Q&A on Workplace Efficiency
Workplace efficiency is a topic that frequently comes up for business leaders. It is the type of topic that may lead to more questions before there are any answers, and those answers will always be as unique as your company.
I recently had the opportunity to sit down with Vanessa Dodds, CEO and President of Connections 4 Success, and ask her a few questions about workplace efficiency. Here are her answers, in her own words.
Q: When you talk about workplace efficiency, what specifically are you referring to?
A: Workplace efficiency, to me, is actual business alignment. It goes across your organizational structure, roles and responsibility, and the processes your organization uses to do business – provide services, produce products, interact with clientele and prospective clientele. It’s the entire workflow and how well that workflow operates to produce results.
Q: Why does it matter?
A: Good business efficiency automatically affects a bottom-line profit or an organizational impact or outcome. Having good efficiency means that your systems and your processes are working well, your team members are working well together, you have great handoffs, and you have the ability to work at your highest capacity in order to produce high quality products or services.
Q: How important is it for businesses/organizations to assess workplace efficiency?
A: It is very important to assess workplace efficiency because it will be the determining factor of whether your business or organization is aligning to industry trends, potentially losing money or at risk of losing profits, or potentially not providing products or services for the highest level of quality. If you’re a nonprofit, your services could potentially not be providing the best offerings to meet a need in the community. If you are a for-profit business, you might have gaps in your services or processes, creating opportunities to lose money, product or service quality, all of which would lead to an inability to grow or advance with innovation trends.
Q: What tools would they need to do an assessment?
A: A lot of places are currently utilizing project management platforms or software systems equipped with survey tools, but you don’t even have to go that intricate.
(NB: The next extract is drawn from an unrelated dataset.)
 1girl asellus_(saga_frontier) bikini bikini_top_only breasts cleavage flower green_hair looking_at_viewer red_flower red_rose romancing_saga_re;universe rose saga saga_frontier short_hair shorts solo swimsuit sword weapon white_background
A universal platform I recommend is Google Forms for surveys. Anyone can easily use google forms to design a survey, push it out to your team, and let it be anonymous so you get an honest response back from not only your senior executive level, but also your leadership, management, and main staff members. What you’re looking for is an honest perspective as to how the workflow is happening across your organization, what types of workplace efficiency are working well, what’s lacking, and what needs to be improved. By getting that honest, raw feedback, companies or organizations are able to start implementing a better process.
Q: What can Connections 4 Success do to help businesses and organizations with workplace efficiency?
A: Often, executives come to Connections 4 Success and say they don’t have time to do an assessment. They know there’s a hiccup in their entire process – in their workplace efficiency – but they don’t have time to investigate what it is, where the problems are occurring, and then look at solutions and methods of implementation. First, Connections 4 Success can come in and help with that evaluation piece. Even if the organization already did some type of assessment, I would still suggest having Connections 4 Success do a parallel assessment because a lot of people will disclose a lot of things to a third party that they might not disclose during an executive’s assessment. Second, we evaluate those to determine what’s working well and where there are gaps and needs for improvement. Finally, we build out an action plan and implementation methods for better handoffs, create standard operating procedures, and potentially tweak organizational roles and responsibilities within staff member levels so they have a better understanding and accountability of what they do. Connections 4 Success implements business alignment across your business or organization.
In addition to building those systems, we offer trainings for business efficiency. Things like time management, accountability, and project management. Our training package would preferably be ongoing training as opposed to a one-time experience to build upon skills and further implement workplace efficiency and quality. These could be quarterly or monthly – it depends on needs.
Q: Can you give me an example of a change a business or organization can make to increase or improve workplace efficiency?
A: First and foremost, have your standard operating procedures written down and not just have them in your management or leadership or executive officer’s minds. Have it written down in black and white. Ask for feedback from your team members – they potentially have some tweaks that could increase efficiency because they’re actually doing the job.
Q: What advice would you give to a business/organization who is concerned about workplace efficiency?
A: If they are concerned, I would say “Rightfully so!” Here’s why. Workplace efficiency is really a benchmark of everything that you do. If you don’t have good business efficiency, you’re not operating for sustainability for the long-term. You’re not able to operate for any innovation or advancement. Potentially, you have workplace culture that’s suffering within your organization because those hang-ups and hiccups and problems are recurring, potentially causing animosity, reduced quality, and less efficient services and products to clientele.
Q: Final Thoughts?
A: Like I said before, to me workplace efficiency is a benchmark. That’s something every company should invest in. Within the quarter prior to the to the start of every fiscal year organizations should be starting to look at and assess what their business efficiency is so they can implement improvement for that next year. That should be a precursor to any goals they would be setting for the upcoming year, because workplace efficiency is the determining factor as to how well the business or organization standard operating procedures and processes are working. This allows executives to really hone in and have it work in mechanical and methodical ways for the highest quality services and products in order to reach end goals.